Iranian actress (born 1987)

Minoo Sharifi (مینو شریفی; born December 12, 1987) is an Iranian actress. She is best known for her performances in the war drama film Walnut Tree (2020), and the romance drama web series Lunar Eclipse (2021–2022).
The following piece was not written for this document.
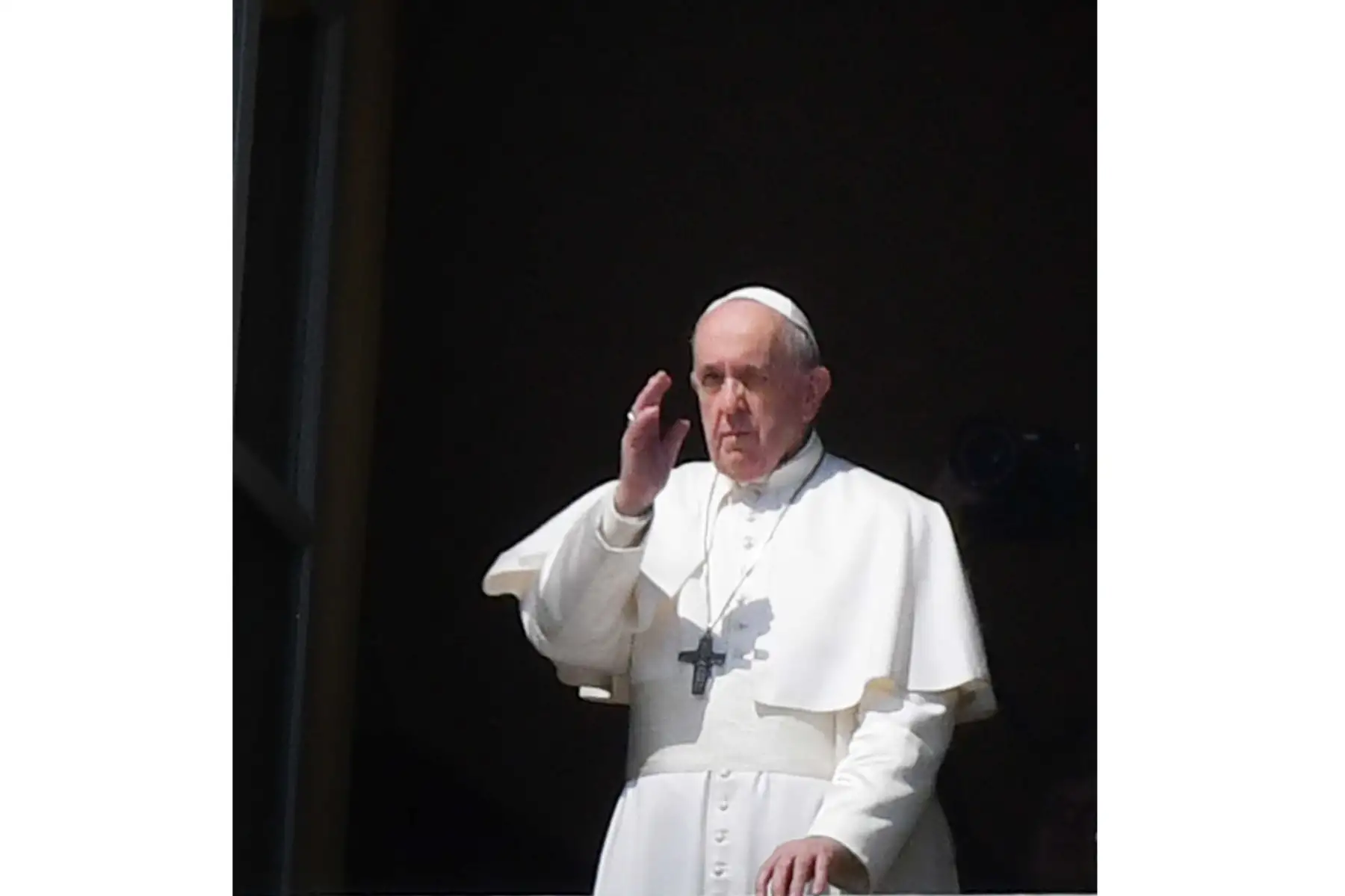 El Papa Francisco saluda desde la ventana del palacio apostólico con vista a una plaza vacía de San Pedro después de su transmisión en vivo de la oración del Ángelus cuando elmundo vive momentos de angustia tras el COVID-19.
Foto: AFP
Sharifi earned a Crystal Simorgh nomination for her acting in Walnut Tree.

== Early life ==
Sharifi is of Kurdish origin.

== Career ==
Sharifi entered the field of acting with the short film Pale Mirrors in 2015 and won the Jury Prize of the Koomesh Regional Festival and was nominated for Best Actress at the 33rd Tehran International Short Film Festival Awards.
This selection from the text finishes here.